O único grafiteiro que se dispôs a falar sobre o conflito é Samuca Santos, que não teve nenhuma obra removida. “Entendo o caráter transgressor da arte de Willyams, mas você precisa pensar na importância de uma parede grafitada”, disse Samuca, um baiano de 26 anos que usa os dreads do cabelo presos para evitar o calor. “Tirar a pintura do ambiente público e levar para a galeria, um ambiente elitista, é interromper uma relação de comunicação na cidade”, argumentou. “Há um código de ética nas ruas. A gente não tem muita grana e fazer grafite é caro. Aí chega o cara e remove, isso é desrespeitoso.”
Remover grafites das ruas não é mais a principal atividade de Willyams. Desde o ano passado, tem se dedicado a retirar as peles de celas de presídios de Salvador – um projeto para o qual recebeu financiamento de 30 mil reais. Mas os ânimos dos grafiteiros não arrefeceram. Samuca conhece muitos que, se cruzarem com o piauiense na rua, não perderiam a oportunidade de tirar satisfação.
Numa atitude conciliatória, Willyams reconheceu que, afinal, talvez não fosse necessário remover grafites. “É mais interessante tirar as imagens anônimas dos muros, as pichações que ninguém vê no dia a dia”, admitiu. “O grafite já é muito potente.” Ele disse que, por trás das películas que retira, encontra novas camadas, restos de frases, cartazes publicitários.“Sou um arqueólogo urbano da memória de um tempo da cidade.”
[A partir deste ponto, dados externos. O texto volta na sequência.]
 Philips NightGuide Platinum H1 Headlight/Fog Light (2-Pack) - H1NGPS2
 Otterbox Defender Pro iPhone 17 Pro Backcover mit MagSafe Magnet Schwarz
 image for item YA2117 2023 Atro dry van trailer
A resina leva, em média, duas horas para fixar a tinta que cobre o muro no tecido usado por Willyams. Na tarde quente de Salvador, porém, uma hora e meia bastou. Enquanto a cola secava, Willyams aguardou num restaurante próximo, apreensivo. Na volta, topou com dois policiais, o porteiro e uma moradora do prédio olhando atentamente para o local onde ele havia deixado sua pele. Chegou a pensar que a tivessem destruído, mas ela estava camuflada sob o tecido transparente.
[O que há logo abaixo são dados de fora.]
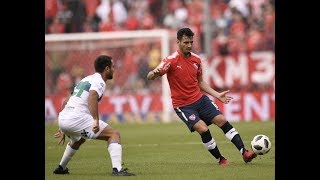 Fecha 26 Resumen de Independiente  Gimnasia [upl. by Dorita383]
Willyams aproximou-se rapidamente e apalpou a película, procurando o melhor local para iniciar a remoção. Com a ajuda de um estilete, fez uma pequena incisão na lateral da pele, puxando com força o restante do tecido. Colocou o voile no chão e admirou a imagem do cartaz do candidato que agora estava em uma de suas telas. Da calçada, a moradora gesticulava com raiva. “Pode ficar tranquila, minha senhora”, contemporizou Willyams. “Não estou colocando nada, estou só tirando.”